**What is being asked:** Your answer is to be the exact text of the lines from the one containing "Yunus exchanges greetings" through the final line of the entries, restated in full, with pictures omitted.

Dataset records

.....

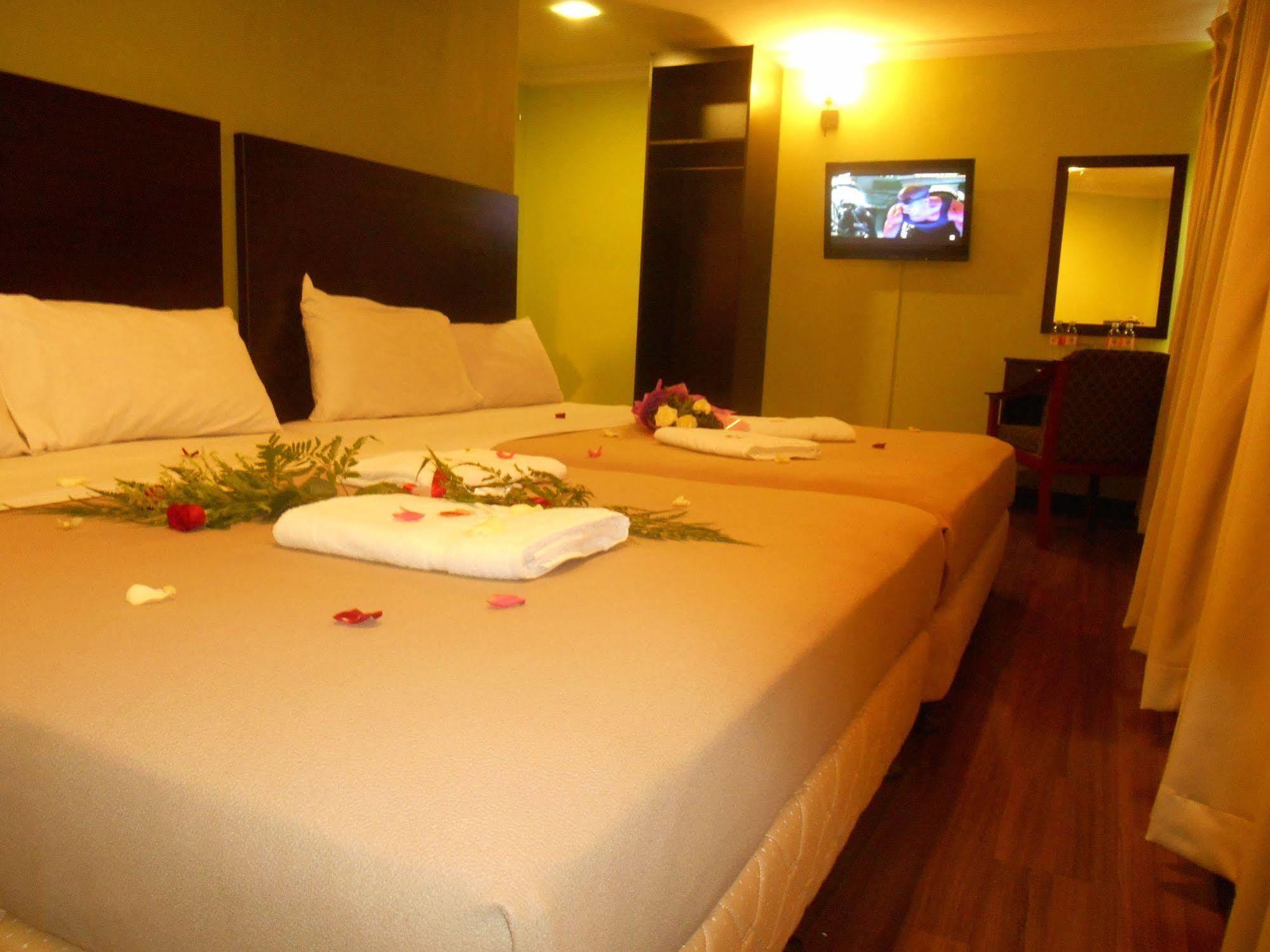 Sai Villa Hotel Near Klia&Klia2 Nilai Esterno foto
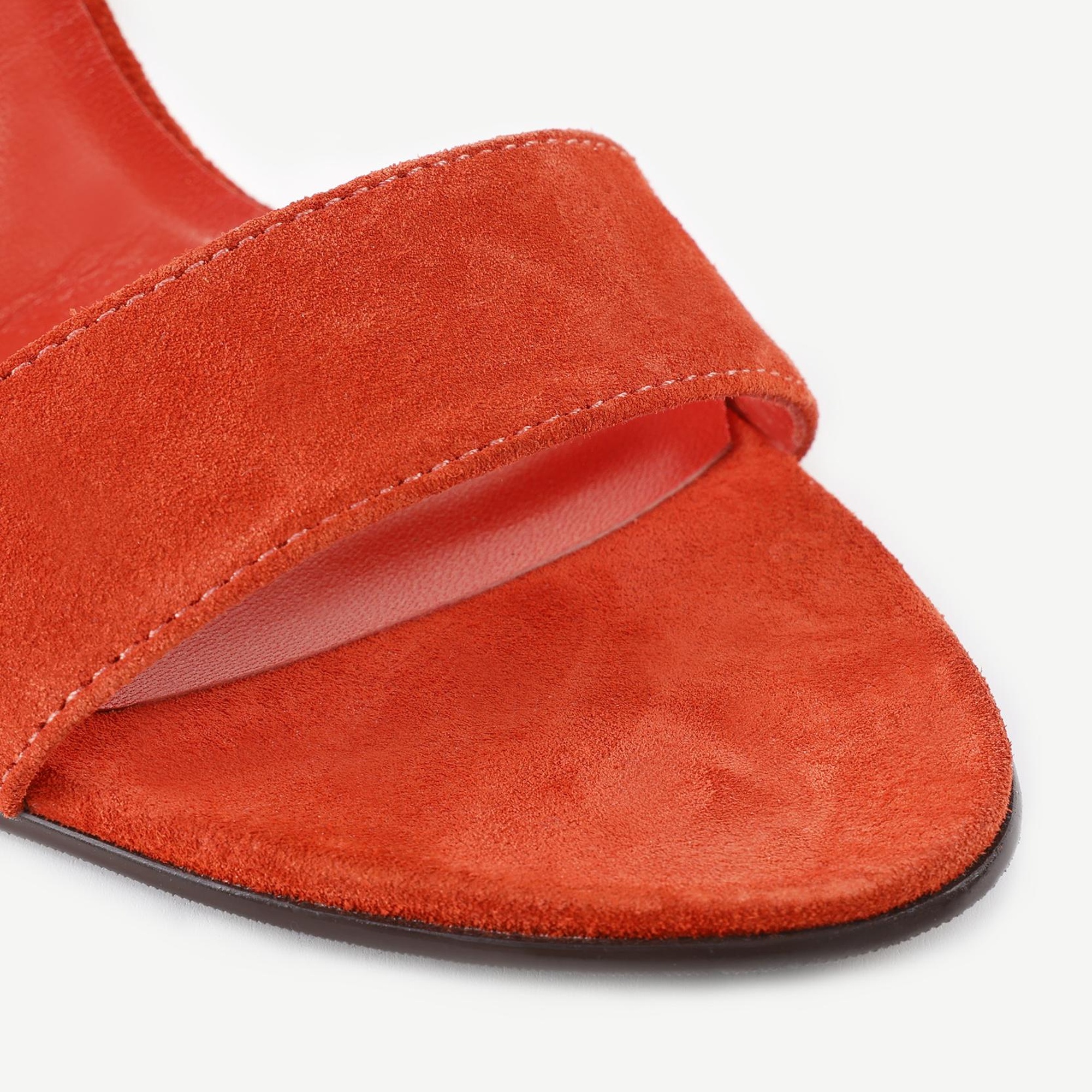 YARGICI Fiyonk Detaylı Deri Topuklu Ayakkabı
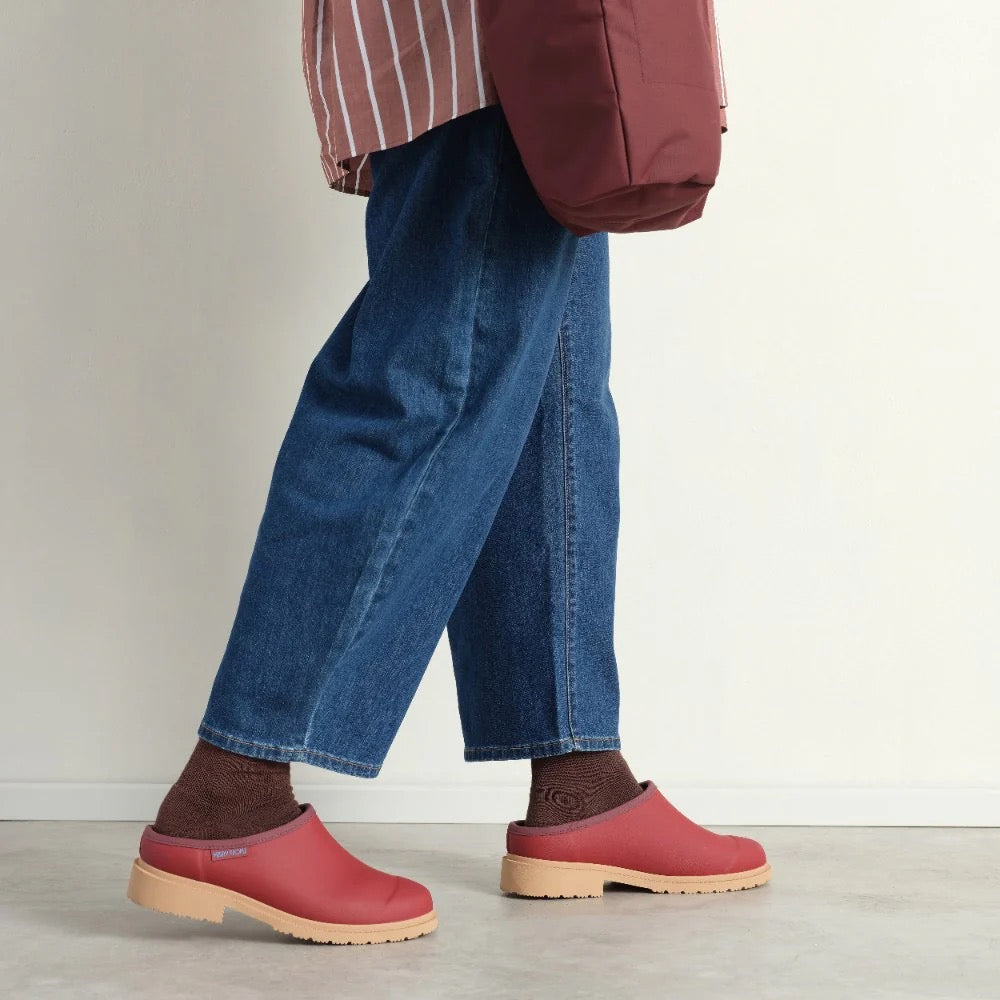 Billie Clog | Brick Red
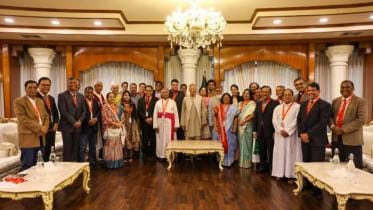Yunus exchanges greetings with Christian leaders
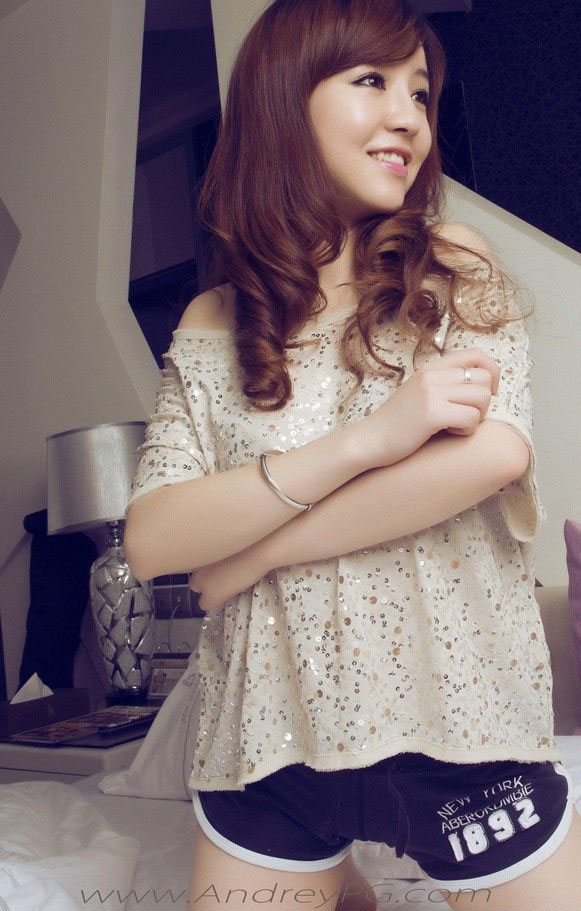 清纯卖萌模特梁妮迷人写真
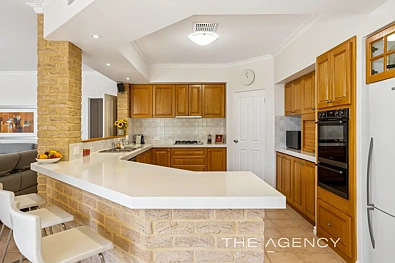 19 Hyde Court, Hillarys, WA 6025, 3 રૂમ, 2 બાથરૂમ, House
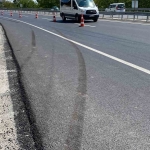 Hafif ticari araç yan yattı: 2 yaralı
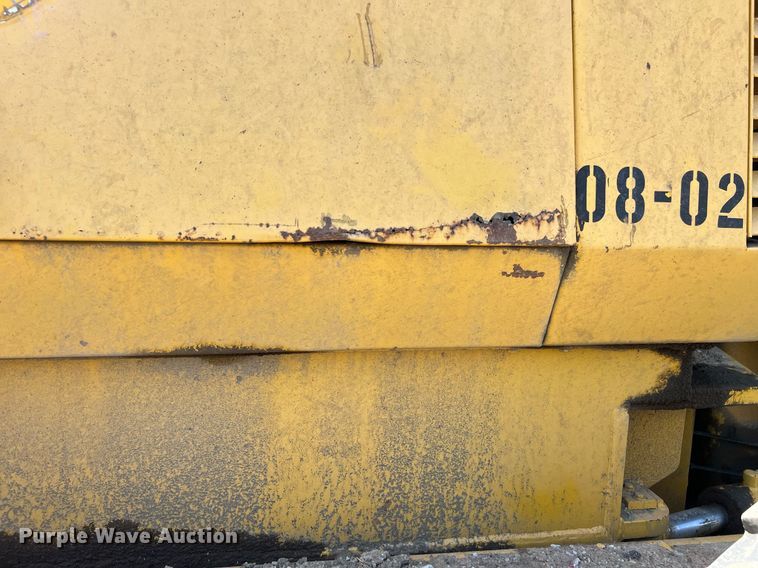 image for item EM2529 Komatsu GD650 motor grader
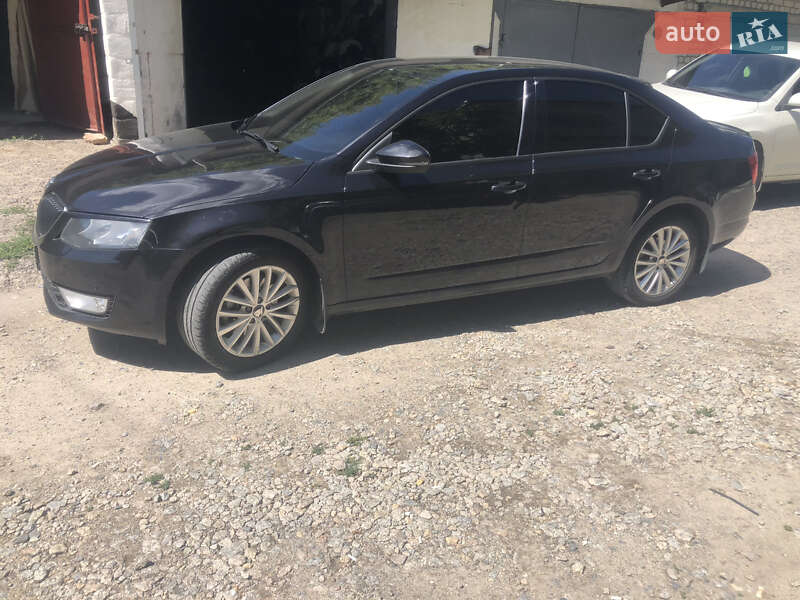 Лифтбек Skoda Octavia 2014 в Кропивницком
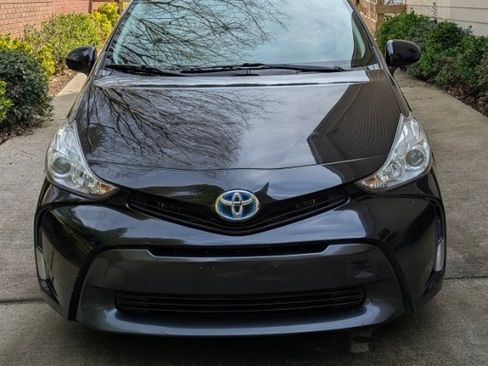 Used 2015 Toyota Prius V Four image 1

.....

**Solution to this problem:**
Yunus exchanges greetings with Christian leaders
 清纯卖萌模特梁妮迷人写真
 19 Hyde Court, Hillarys, WA 6025, 3 રૂમ, 2 બાથરૂમ, House
 Hafif ticari araç yan yattı: 2 yaralı
 image for item EM2529 Komatsu GD650 motor grader
 Лифтбек Skoda Octavia 2014 в Кропивницком
 Used 2015 Toyota Prius V Four image 1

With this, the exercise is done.